Pictures aside, every line of the listing should be given again exactly.

■ **Data segment**:
---------------
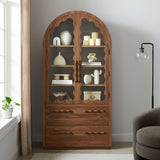 Lismore 76 Inch Arched Kitchen Pantry Display Cabinet in Walnut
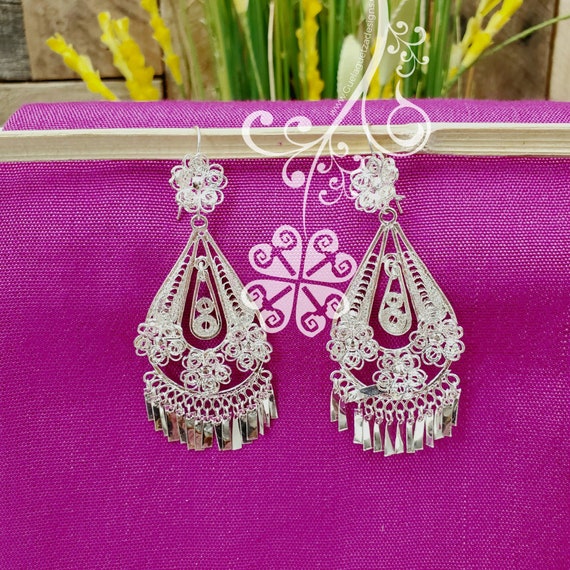 Silver Small Filigrana Mexican Earrings Tehuana Earrings Authentic
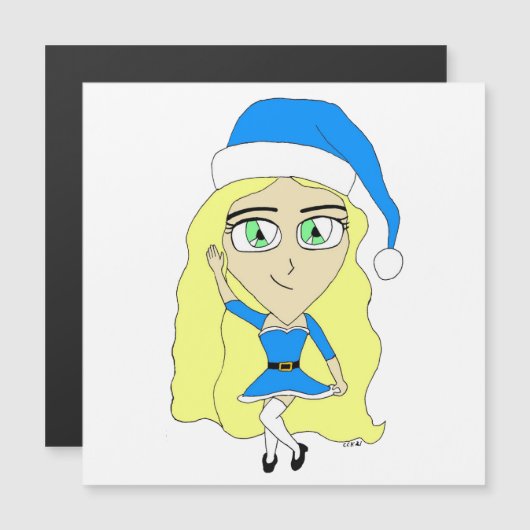 Weihnachtschibi Magnetkarte (Vorne/Hinten)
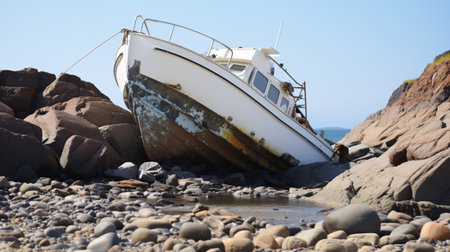 Detailed view of a recreational boat stranded on rocky shores due to a collision.の素材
---------------
■ **Task solution**:
 Lismore 76 Inch Arched Kitchen Pantry Display Cabinet in Walnut
 Silver Small Filigrana Mexican Earrings Tehuana Earrings Authentic
 Weihnachtschibi Magnetkarte (Vorne/Hinten)
 Detailed view of a recreational boat stranded on rocky shores due to a collision.の素材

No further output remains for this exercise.